Herwin membeberkan bahwa tidak ada pendampingan ahli disabilitas dalam proses penanganan kasus ini. Bahkan, Mira dan keluarganya juga diduga dipaksa untuk menandatangani dokumen tanpa memahami isi maupun konsekuensi hukumnya. Tekanannya dan relasi kuasa digunakan karena kakak dan ibu korban juga pekerja di perkebunan sawit itu.
“Mandor sendiri tidak mengawal dia (Mira). Jadi ditempatkan bekerja di tempat yang sepi. Jadi juga mandor itu membiarkan (terduga pelaku) lari, tidak diapa-apakan.
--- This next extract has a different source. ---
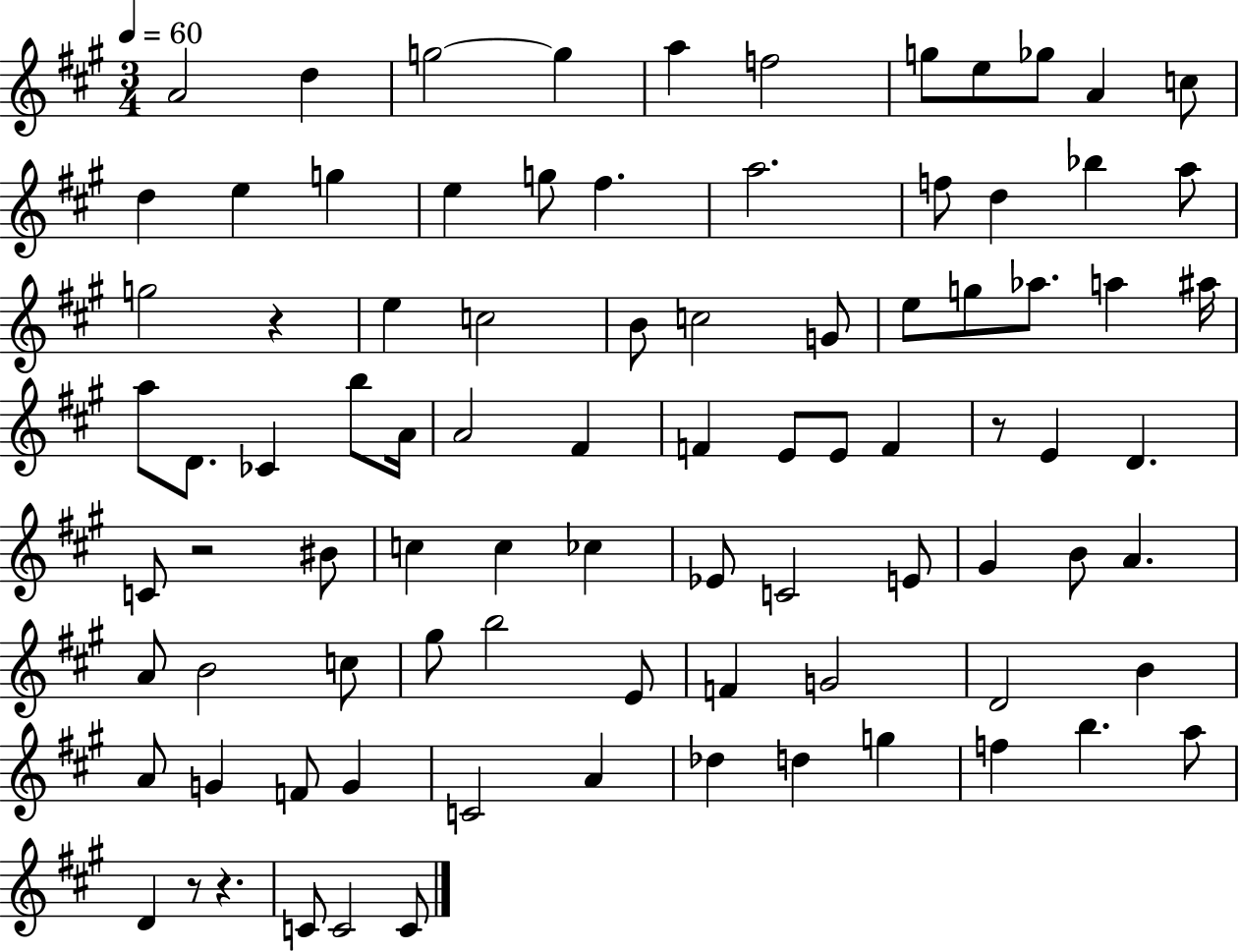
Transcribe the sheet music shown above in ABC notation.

Sudah kami bilang pelaku itu jangan dulu apa, jangan keluar dari perusahaan, justru difasilitasi, pindah,” ujar Herwin.
Kepada Konde.co, Muhammad Fauzi, sebagai ahli komunikasi yang mendampingi Mira memaparkan soal masih langgengnya ableism dalam penanganan korban kekerasan seksual perempuan disabilitas.
Itu tampak pada gagalnya pemberian akses yang inklusif dan infrastruktur sistem peradilan hukum. Di satu sisi, tekanan dan “pembungkaman” yang berdampak pada penutupan akses bagi korban memperjuangkan keadilannya.
“Inilah yang menyebabkan persoalan-persoalan (kekerasan seksual) itu di-keep tidak untuk berlanjut,” katanya.
Dia juga mengkritik soal tidak terimplementasinya aturan-aturan yang semestinya melindungi hak disabilitas. Seperti hak mendapatkan keadilan sebagai korban. Bagaimana bisa itu didapatkan jika sistemnya tak menyediakan infrastruktur dan sumber daya manusia yang mumpuni untuk perlindungan hak disabilitas. Contoh konkretnya, aparat penegak hukum mestinya menyediakan ahli komunikasi yang bisa mengakomodasi korban disabilitas tuli yang tidak bisa baca tulis, dll.
“Harus mengedepankan infrastruktur bagi disabilitas. Kelompok rentan harus diperhatikan,” katanya.
Menurutnya, selama ini, minimnya akses ahli komunikasi dan infrastruktur inklusif bagi disabilitas itu tak lepas dari gagalnya negara secara sistematik. Termasuk gagalnya memperhatikan sistem pendidikan yang inklusif bagi kelompok disabilitas. Padahal itu menjadi fondasi awal untuk memperluas akses kelompok disabilitas dalam memperjuangkan keadilannya.
“Kegagalan yang terjadi bukanlah kegagalan korban untuk menyampaikan apa yang dialaminya, melainkan kegagalan sistem dalam menyediakan mekanisme yang aksesibel untuk mendengar dan memahami suara korban,” pungkasnya.